The Republic of Ireland skipper and his team-mates launch their latest qualifying campaign in Serbia on Wednesday evening with the 32-year-old Coleman knowing there may not be too many more opportunities for him to experience another finals tournament after his trip to Euro 2016.
However, he insists personal ambition is not even on his mind as he prepares for his latest challenge.
Next stop 👉🏻 Serbia 🇷🇸— FAIreland ⚽️🇮🇪 (@FAIreland) March 22, 2021
The Everton full-back said: “My frame of mind is I want Ireland to get to the World Cup. My frame of mind is never ‘My last chance this, my last chance that’. I want to fight for my country.
“When that ends, that ends. It’s never a case of it being, ‘Ah, this could be my last one.’ I want a World Cup for the lads that are here, for the fans at home, whether it be the last or the second-last, whatever the case may be, I don’t care. I just want a World Cup for the country.
“And then I’ve had my time, I’ve had my Euros, I’ve had my caps behind me and I’m not thinking that this could the last one. That doesn’t enter my mind whatsoever.
“There’s a bigger picture than this being Seamus Coleman’s last chance at a World Cup, definitely.”
Coleman will hope to get the nod at the Rajko Mitic Stadium after a 17-month wait for his 57th cap dating back to a 2-0 Euro 2020 qualifier defeat in Switzerland in October 2019 in which he was sent off for a second bookable offence.
The intervening period has seen a change of manager – Stephen Kenny has replaced Mick McCarthy at the helm – while Matt Doherty’s rise to prominence and a series of injuries have cast Coleman in the role of frustrated spectator ever since.
He said: “I can’t explain how much I’ve missed it. It’s been something that’s been on my mind. I love playing for my country and I can’t even remember when the last one was – it might have been my sending off, which is a very long time.
“Then I came in and I was injured for most of the other selections, unfortunately. I was doing quite well at club level and just picked up a niggle before we met up, which has been disappointing.

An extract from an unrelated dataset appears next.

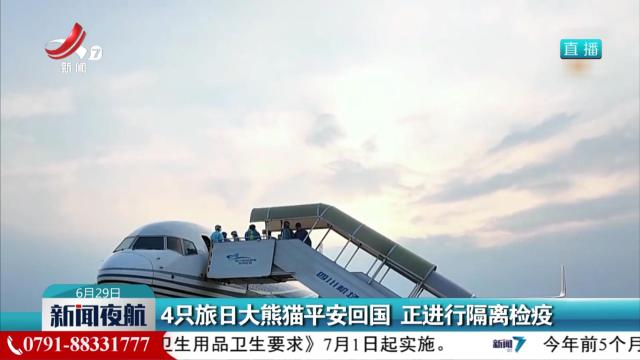 4只旅日大熊猫平安回国 正进行隔离检疫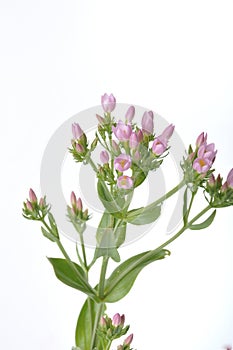 Centaury on a white background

“To get here, to be with the lads, to be with the staff is an amazing feeling, but then ultimately getting out there and putting on the green shirt is what we always want, and that’s what I want tomorrow, so we’ll see what happens.
“But I’m delighted to be here and I can’t wait to get started again.”
Ireland head into the game without a win in eight attempts under their new manager, who admits striker Aaron Connolly and midfielder James McClean are “under-cooked” following their recovery from rib and heel injuries respectively, and with the team not having scored a single goal in the last seven.
However, Kenny’s biggest issue is at the other end of the pitch, where 21-year-old Bournemouth keeper Mark Travers will win just his third cap and make his first competitive appearance in place of the injured Darren Randolph, having got the nod ahead of Kieran O’Hara and Gavin Bazunu.
Kenny said: “I do take it on board that the players are inexperienced, I do take that on board, but we have faith in them as goalkeepers.
“Mark will play and we have every faith in him.”